The agencies quoted Mr. Fereidun Abbasi, who supposedly said the following: "The progress that Teheran has reached can make other countries discuss with us the deliveries of the fuel to other countries. The production of 20 percent enriched uranium will not be stopped."
The launch of new reactors created the need in extra volumes of enriched uranium, the official added.

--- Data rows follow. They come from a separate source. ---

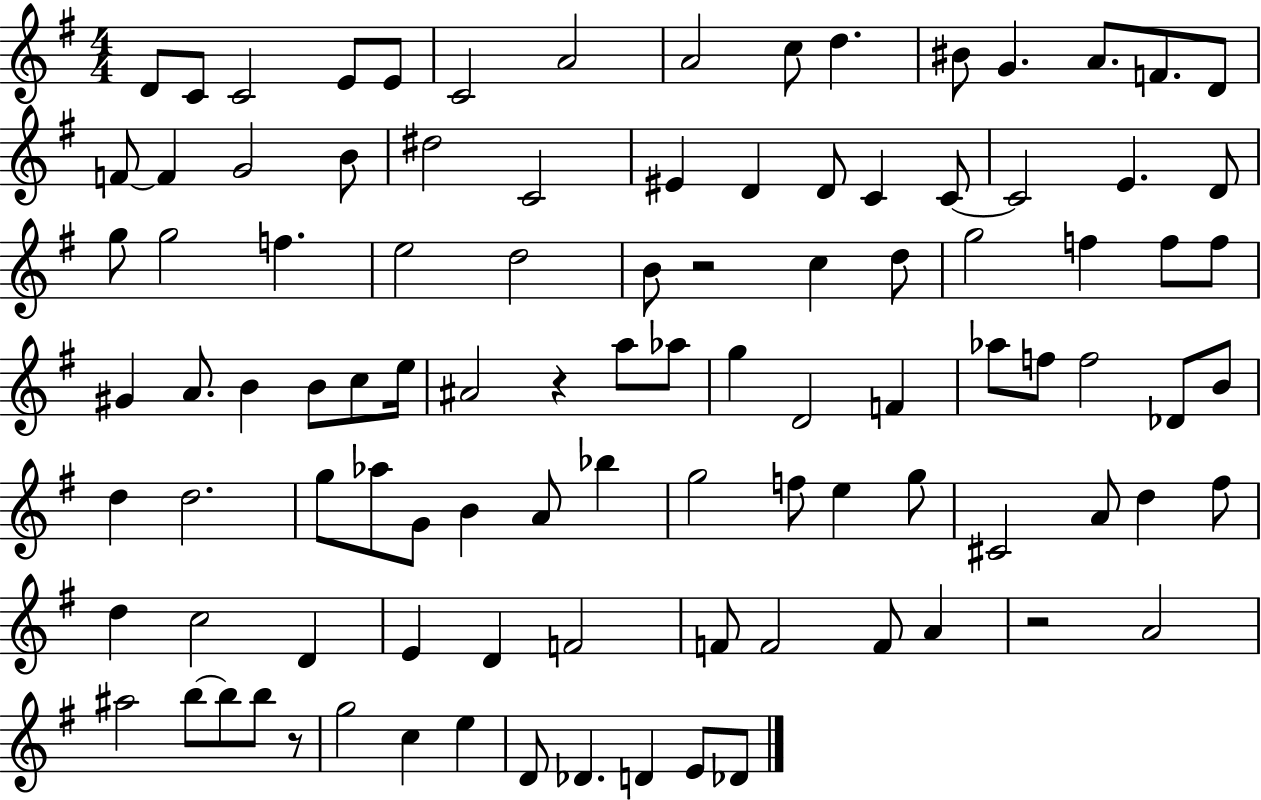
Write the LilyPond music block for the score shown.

{
  \clef treble
  \numericTimeSignature
  \time 4/4
  \key g \major
  \repeat volta 2 { d'8 c'8 c'2 e'8 e'8 | c'2 a'2 | a'2 c''8 d''4. | bis'8 g'4. a'8. f'8. d'8 | \break f'8~~ f'4 g'2 b'8 | dis''2 c'2 | eis'4 d'4 d'8 c'4 c'8~~ | c'2 e'4. d'8 | \break g''8 g''2 f''4. | e''2 d''2 | b'8 r2 c''4 d''8 | g''2 f''4 f''8 f''8 | \break gis'4 a'8. b'4 b'8 c''8 e''16 | ais'2 r4 a''8 aes''8 | g''4 d'2 f'4 | aes''8 f''8 f''2 des'8 b'8 | \break d''4 d''2. | g''8 aes''8 g'8 b'4 a'8 bes''4 | g''2 f''8 e''4 g''8 | cis'2 a'8 d''4 fis''8 | \break d''4 c''2 d'4 | e'4 d'4 f'2 | f'8 f'2 f'8 a'4 | r2 a'2 | \break ais''2 b''8~~ b''8 b''8 r8 | g''2 c''4 e''4 | d'8 des'4. d'4 e'8 des'8 | } \bar "|."
}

He emphasized the peaceful character of the nation's nuclear program again and said that Iran would be ready to consider the claims from the IAEA only if the latter presents documented evidence and "changes the tone of its reports, because the present tone is unacceptable for Iran."
It is worthy of note that the diplomatic battle was taking place against the background of an ongoing spy scandal. The scandal was connected with the exposure of the terrorist network in Iran, which was destroying Iran's leading nuclear physicists by order of Israel's Mossad.

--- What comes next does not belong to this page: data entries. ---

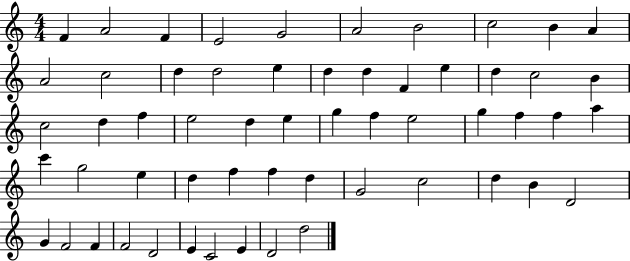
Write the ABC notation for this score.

X:1
T:Untitled
M:4/4
L:1/4
K:C
F A2 F E2 G2 A2 B2 c2 B A A2 c2 d d2 e d d F e d c2 B c2 d f e2 d e g f e2 g f f a c' g2 e d f f d G2 c2 d B D2 G F2 F F2 D2 E C2 E D2 d2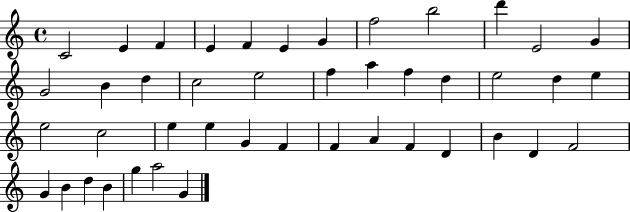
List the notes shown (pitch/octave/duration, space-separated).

C4/h E4/q F4/q E4/q F4/q E4/q G4/q F5/h B5/h D6/q E4/h G4/q G4/h B4/q D5/q C5/h E5/h F5/q A5/q F5/q D5/q E5/h D5/q E5/q E5/h C5/h E5/q E5/q G4/q F4/q F4/q A4/q F4/q D4/q B4/q D4/q F4/h G4/q B4/q D5/q B4/q G5/q A5/h G4/q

Iranian national Majid Jamali Fashi confessed to the murder of nuclear scientist Massoud Ali Mohammadi committed in the beginning of 2010. It was said that the Iranian man had been paid by Israel's Mossad spy agency.
In addition, Washington set out concerns over the conviction of two American nationals for their espionage on the territory of Iran. US officials also claimed that the Islamic Republic was one of the major sponsors of international terrorism.
Iranian officials responded with a requirement to withdraw troops from Afghanistan. Since the US announced the destruction of Osama bin Laden, the foreign military presence in the country is no longer necessary, they said.
Iran also demanded the USA and the West should stop interfering into affairs of Arab states. The EU responded with sanctions against Iran's Revolutionary Guards.
Now we have France threatening Iran with a per-emptive attack. It seems that the French want to beat the Americans in their anti-Iranian rhetoric.
It is worthy of note that France actively supports that "Arab spring" in North Africa and Syria. Sarkozy is trying to improve his ratings, which decreased considerably after the French government cut social programs. Sarkozy simply wants to distract people's attention from actual problems.
The war in Libya is not over, but NATO allies have already started fighting for the country's energy resources. Italy's Berlusconi stated, for example, that Eni concern was intended to receive oil and gas preferences in Libya. It is worthy of note that Italy finished its active participation in the war against Gaddafi at the end of July. French oil companies in their turn want to control 35 percent of the Libyan oil. The USA, Britain and German do not conceal their oil appetites either.
France will most likely have to curb its ambitious plans - the country will have to share with other NATO allies. Sarkozy's political adversaries may use that against Sarkozy. What was the point for France to fight against Gaddafi then?
The "revolutions" in Egypt and Tunisia unveiled bizarre affairs of one of the ministers of the French government, Christine Lagarde, who was accused of corruption. French experts said that other top officials of the French political establishment were also involved in the case.
It goes without saying that France is physically incapable of launching a military campaign against Iran alone. One army base in Emirates is not enough for that, not to mention the repairs of Charles de Gaulle aircraft carrier.
To attack Iran, France must first receive the support and approval from the United States. As for Israel, the country would prefer not to interfere in that. It would be much better for Israel to destroy the Iranian nuclear program with the use of US hands. Otherwise, Israel will see thousands of short and medium range missiles flying in its direction.
Pentagon officials know that the Iranian armed forces are much stronger than those of Libya. Obama gets ready for elections, so he is not likely to take part in this adventure.
It appears that the West with deal with Iran profoundly some time later. The preparations for it are underway.